OK, so one of my PCs has a grayflame weapon and will be fighting a large water elemental soon. It hasn't come up yet but I'm sure it will so I'm getting a jump on it. I have a few questions regarding the issue. First how would one handle hitting a water elemental with grayflame with it's "Drench" ability? The damage dealt through grayflame is not fire damage but does come from a source of flame. If drench dispels grayflame does the divine damage still go through or does it nullify? On the other hand does Drench only work on fire it willingly touches or is it any flame it comes into contact with?

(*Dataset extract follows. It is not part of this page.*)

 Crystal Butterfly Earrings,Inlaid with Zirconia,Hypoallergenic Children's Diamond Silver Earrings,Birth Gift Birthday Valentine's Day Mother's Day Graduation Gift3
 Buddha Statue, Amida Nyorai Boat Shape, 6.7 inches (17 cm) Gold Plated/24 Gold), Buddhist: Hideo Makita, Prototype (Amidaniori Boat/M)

Grayflame: This weapon responds to channeled positive and negative energy. When the wielder spends a swift action to channel energy through the weapon, it ignites with a strange gray flame that sheds light as a torch, increases the weapon's enhancement bonus by +1, and deals +1d6 damage (as the divine power from flame strike) to creatures struck by the weapon. This flame lasts for 1 round for every d6 of damage or healing the channeling normally provides. When charged with positive energy, the flame is a silvery gray, good creatures are immune to the weapon's extra damage, and the weapon counts as a good and silver weapon for the purpose of bypassing damage reduction. When charged with negative energy, the flame is an ashen gray, evil creatures are immune to the weapon's extra damage, and the weapon counts as an evil and cold iron weapon for the purpose of bypassing damage reduction. This special ability can only be placed on melee weapons.
Drench: The elemental's touch puts out non-magical flames of Large size or smaller. The creature can dispel magical fire it touches as dispel magic (caster level equals elemental's HD).